So Disc One, titled "Tezcatlipoca (DARKNESS)" is the album proper, consisting of five tracks stretching 60 minutes in length, and it's a fairly decent Nadja effort. It's not near as bludgeoning as "Corrasion" (my fave) or "Touched", although two of the tracks are remarkably heavy (the aptly titled "Windstorm" and "Earthquake"); instead it hovers more in the "drifting/floating" realm of Nadja's output, bearing more than a passing resemblance to the live album "Trembled" as well as the masterpiece that is "Bodycage". All the hallmarks are there-the swirl and whorl of blissed out, delayed guitar effects, swarming all over the headphones; the dense, monolithically textured fuzz guitars; the simple monotonous ultra-distorted bass; and of the course, the stumbling, staggering, massively echoed drum machines loping along like they were drunk or sleepwalking. Aidan's vocals come as both soft, panning whispers and ultra-low pitch-shifted sub-death pulsations, hearkening back to the band's roots as a doom metal vessel. It's all the standard glorious mess of headfucking sonic goop that Nadja churns out so well, and then we reach the nadir-the absolutely, achingly beautiful-but-so-fucking-crushing wallop of "Earthquake"-15 minutes of pummeling repetition, a larger than infinity ultra-melodic bassline swathed in scores of fuzz guitars and delerium echoes, like Jesu's fractured pop vision filtered through the sound aesthetic of Electric Wizard. So fucking good. This is seriously one of Nadja's best tracks EVER and it's inclusion here is more or less what propels me to rate this as a slightly higher than average Nadja effort.

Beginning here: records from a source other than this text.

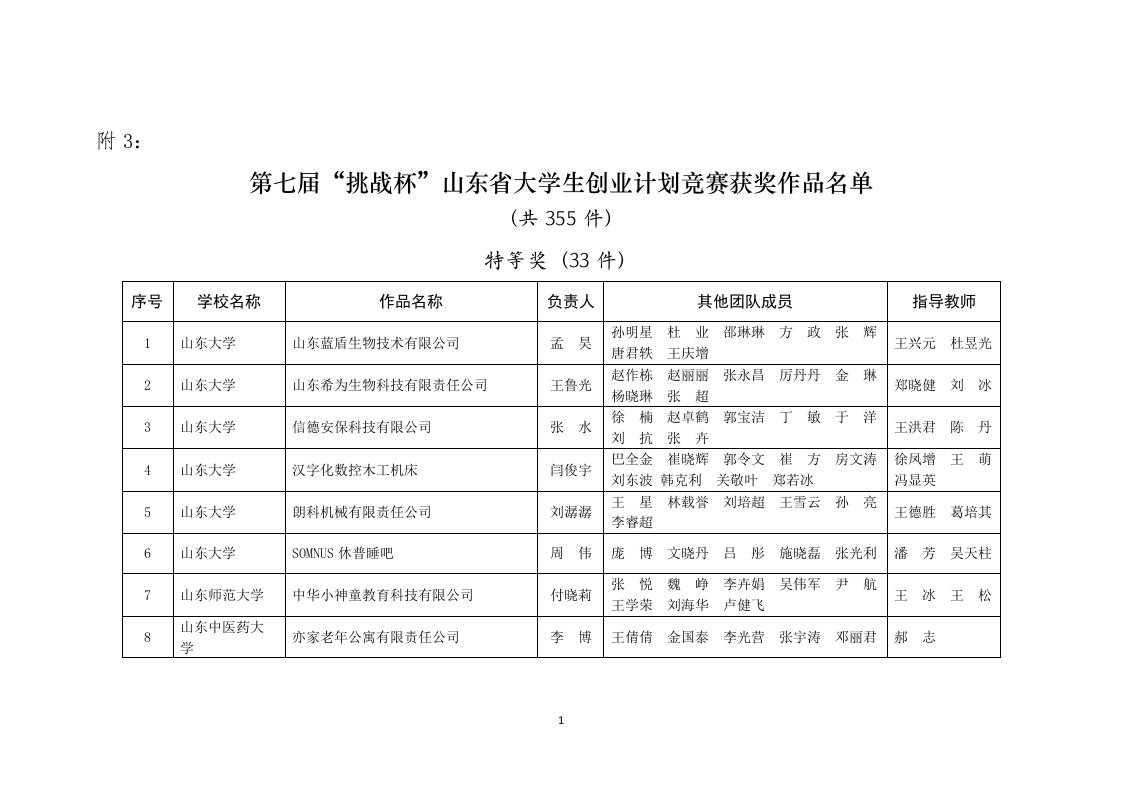 第七届挑战杯山东省大学生创业计划竞赛获奖作品名单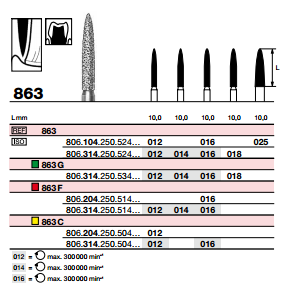 3666666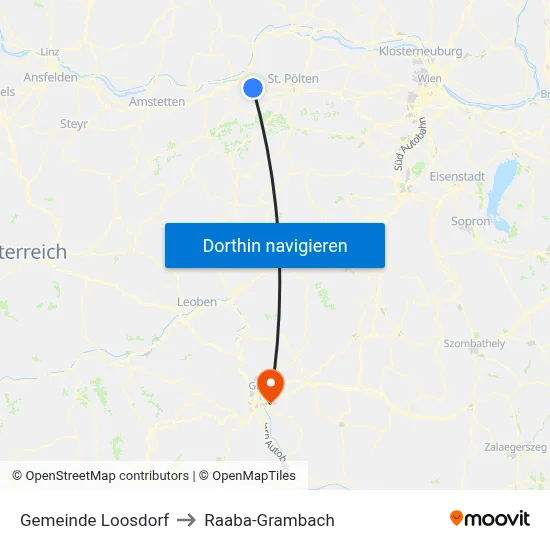 Gemeinde Loosdorf to Raaba-Grambach map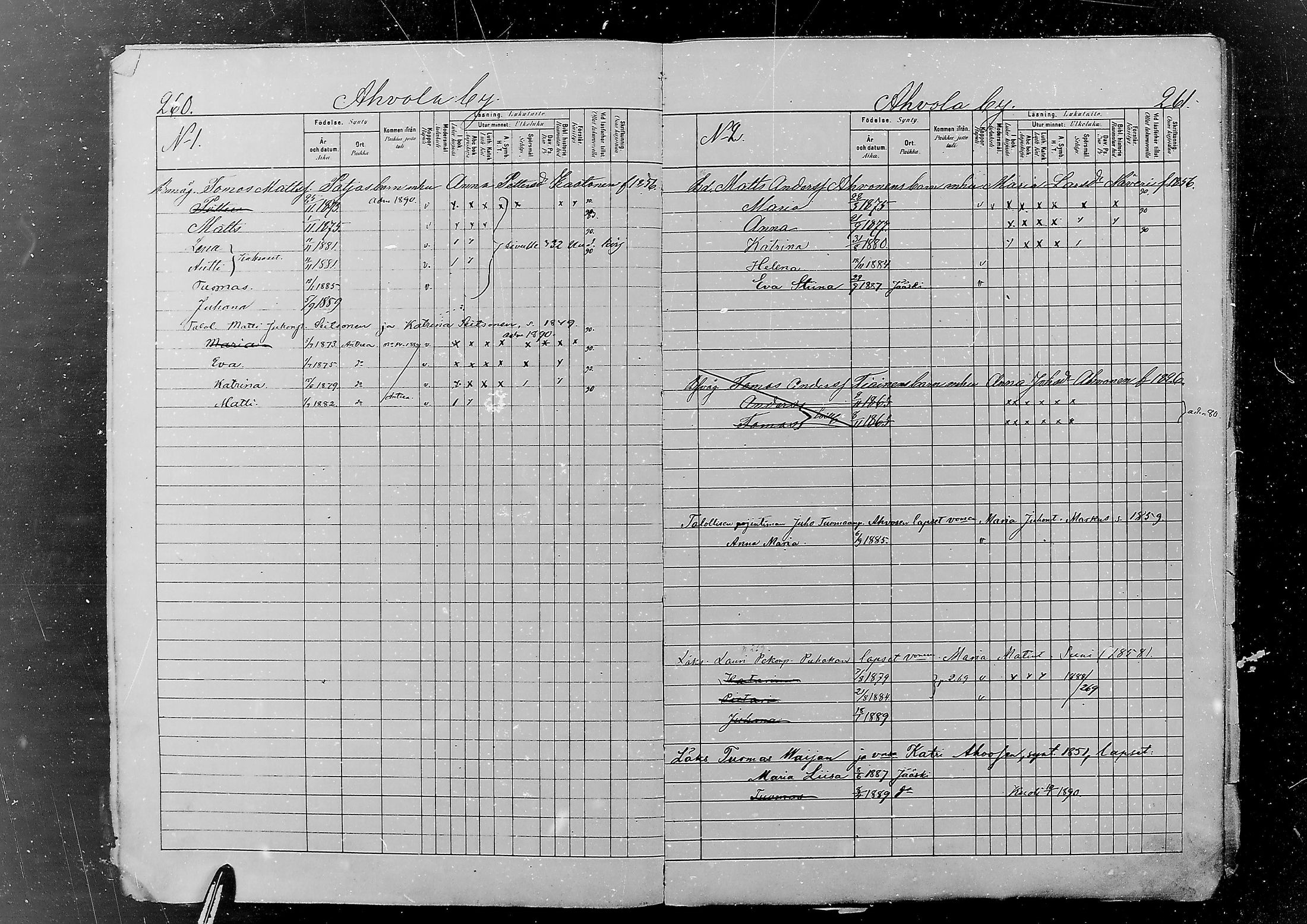 [ ../kirjat/Kirkonkirjat/jaaski/lastenkirja_1880-1889_mko382-392/kuvat/146.jpg ]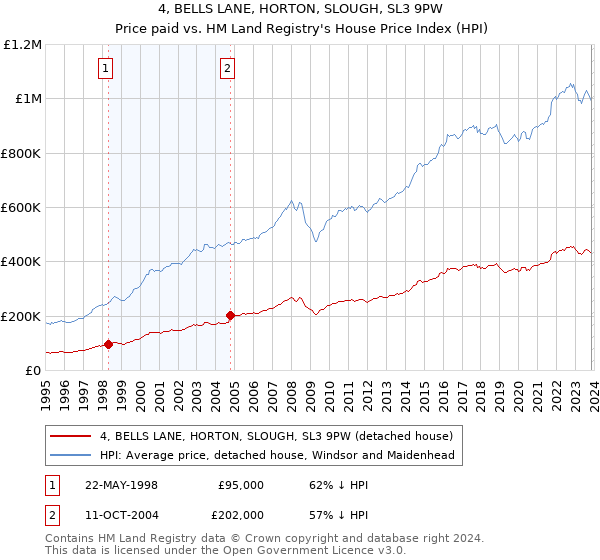 4, BELLS LANE, HORTON, SLOUGH, SL3 9PW: Price paid vs HM Land Registry's House Price Index
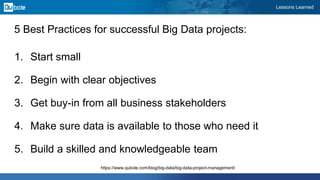 1. Start small
2. Begin with clear objectives
3. Get buy-in from all business stakeholders
4. Make sure data is available to those who need it
5. Build a skilled and knowledgeable team
5 Best Practices for successful Big Data projects:
Lessons Learned
https://www.qubole.com/blog/big-data/big-data-project-management/
 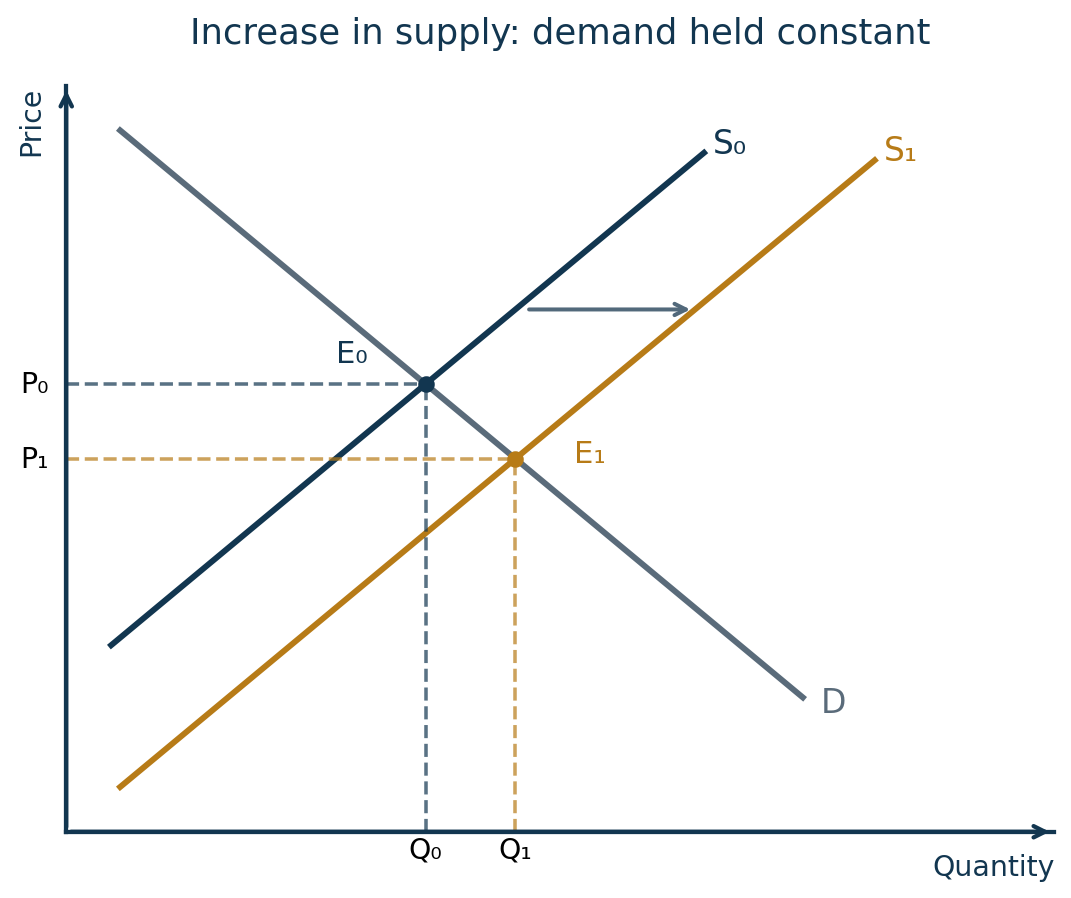A fixed downward-sloping demand curve intersects supply S0 at E0 and a right-shifted supply S1 at E1; equilibrium price falls from P0 to P1 and quantity rises from Q0 to Q1.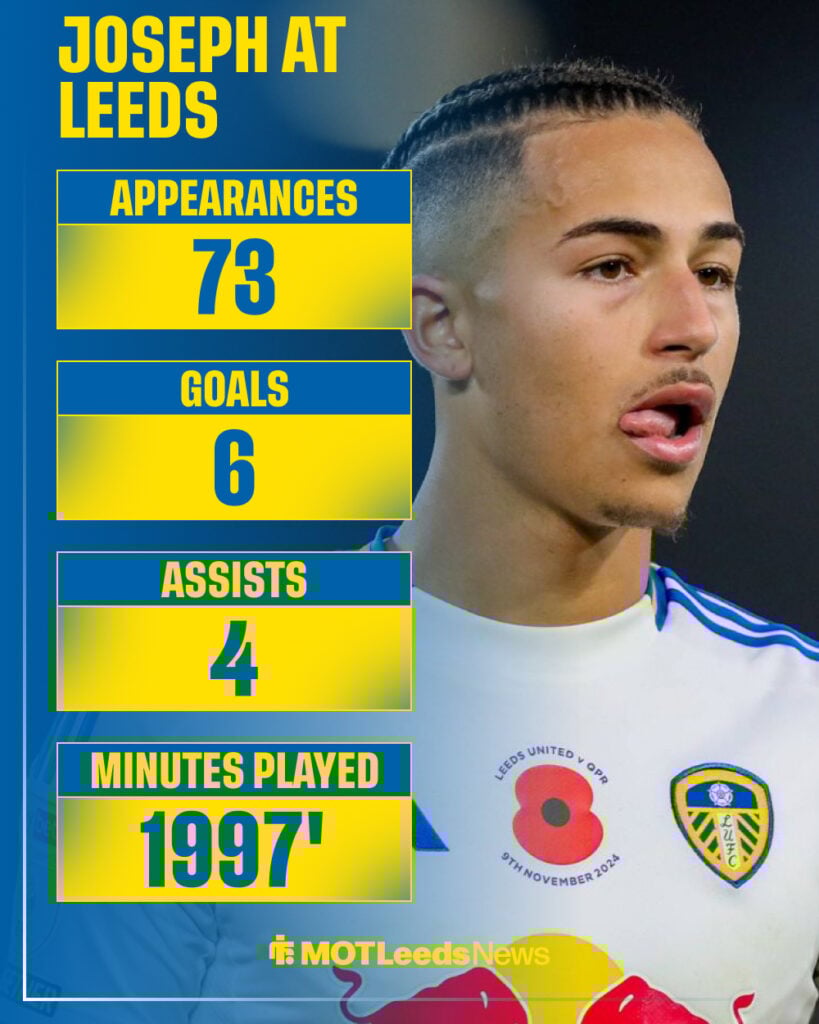 Mateo Joseph Leeds stats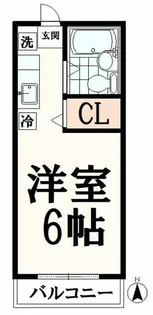中屋ビル【2階】の間取り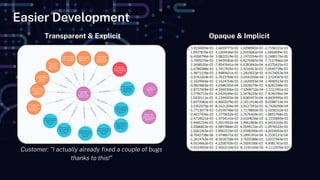Knowledge Graphs & GraphRAG - Essential Ingredients for Enterprise ...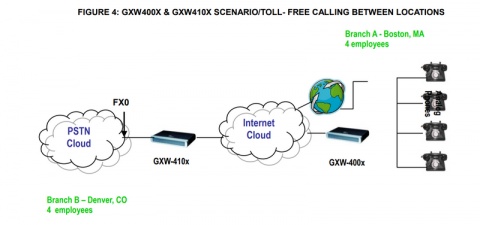 Brána IP Grandstream GXW4108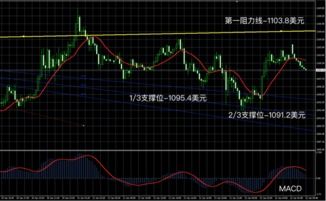 现货黄金最新消息 黄金价格走势图 2016年1月22日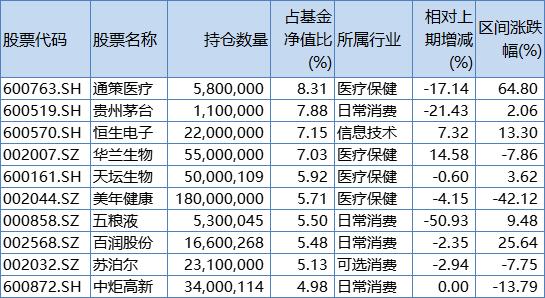 2048年香港历史开奖结果查询表，探索未来与回顾过去的奇妙之旅2024香港历史开奖结果查询表最新一期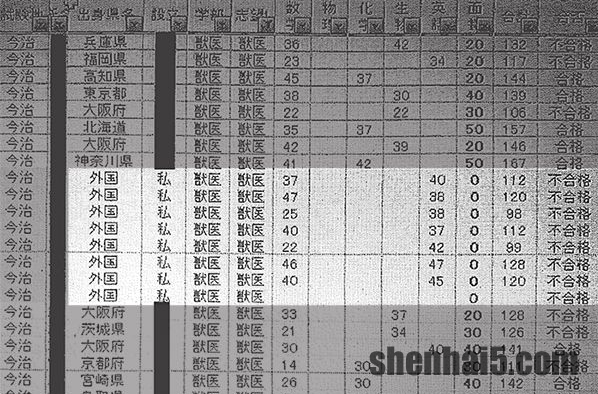 日本一大学被曝“入学考试韩国考生均不合格”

But wait. There's still that second disc. This is the addendum material. Entitled "Quetzalcoatl (WIND)", it's an hour of vague and near pointless somewhat ethnic-flavored drone. It's super boring to listen to, not at all transcendent or meditative and i can't imagine it adding much of anything to the album as presented on disc one. Why the fuck is it even there? Presumably to cause you problems under the guise of granting you a totally immersive true-stereo listening experience. All it will do, in actuality, is cause you anger and distress as you try and move all your stereo shit into the same room and press the play buttons on two units simultaneously. Ugh.
Add these elements together and you've got a fair Nadja record. For anyone new to the group, this is NOT the record to start off with. For the obsessives like myself, you've gotta have it on the shelf. You just don't have to listen to it all that often.